The importance of nature was not only recognised on the conference’s relevant thematic day, but across the COP programme and venue, including at country pavilions. Alongside donors pledging commitments to biodiversity and new funding for nature-based solutions, we were inspired to see innovative and nuanced discussions on making the most of nature’s contributions from the local to national and transboundary scale.
We were also struck by conversations with business and finance organisations in which they expressed awareness of the need for transformative change to lessen their impact on nature alongside reducing their emissions. For example, multilateral development banks issued a joint statement that recognised the need to integrate action on climate change, biodiversity loss and pollution, and agree on shared common principles for nature-positive finance. There were also numerous cutting-edge discussions on topics central to business interests, such as how insurance can rapidly respond to climate events in marine and coastal ecosystems.
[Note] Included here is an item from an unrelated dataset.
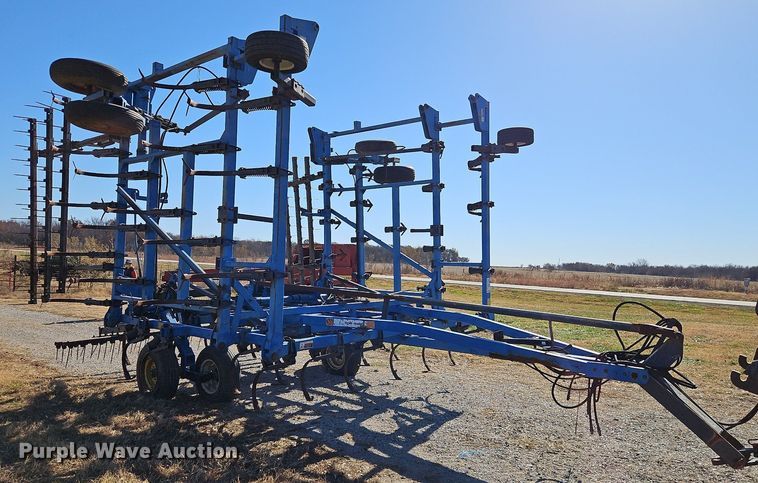 image for item DN7083 DMI Tigermate TMDF  field cultivator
While nature featured in key aspects of the negotiations, there is still scope for it to be better integrated. Forests and deforestation continue to dominate understanding of how biodiversity can help us combat climate change, but conservation, restoration and sustainable management of biodiversity beyond forests can also play a significant role.
Worryingly, text developed in relation to the outcomes of the Global Stocktake includes little attention to ensure climate policy and action do not undermine ambitions for biodiversity. For example, the text calls for renewable energy capacity to triple globally by 2030, requiring increased supply of critical minerals from mining. The implications for biodiversity will need to be considered explicitly and safeguards put in place to avoid significant unintended negative consequences for biodiversity.
Going into 2024, UNEP-WCMC will continue to support intergovernmental processes on both climate and nature, and bring the best possible information to bear on the links between these agendas. We look forward to championing integrated action – particularly in a year when all three of the Rio Convention COPs on climate, biodiversity and desertification – will meet. We will support our partners in government and the private sector build on synergies between these sets of objectives and navigate potential trade-offs involved. We are particularly keen to help ensure that decisions, actions and financial mechanisms progressed in the coming year address both the nature and climate crises, and deliver multiple benefits, including enhanced climate resilience for the poorest and most vulnerable.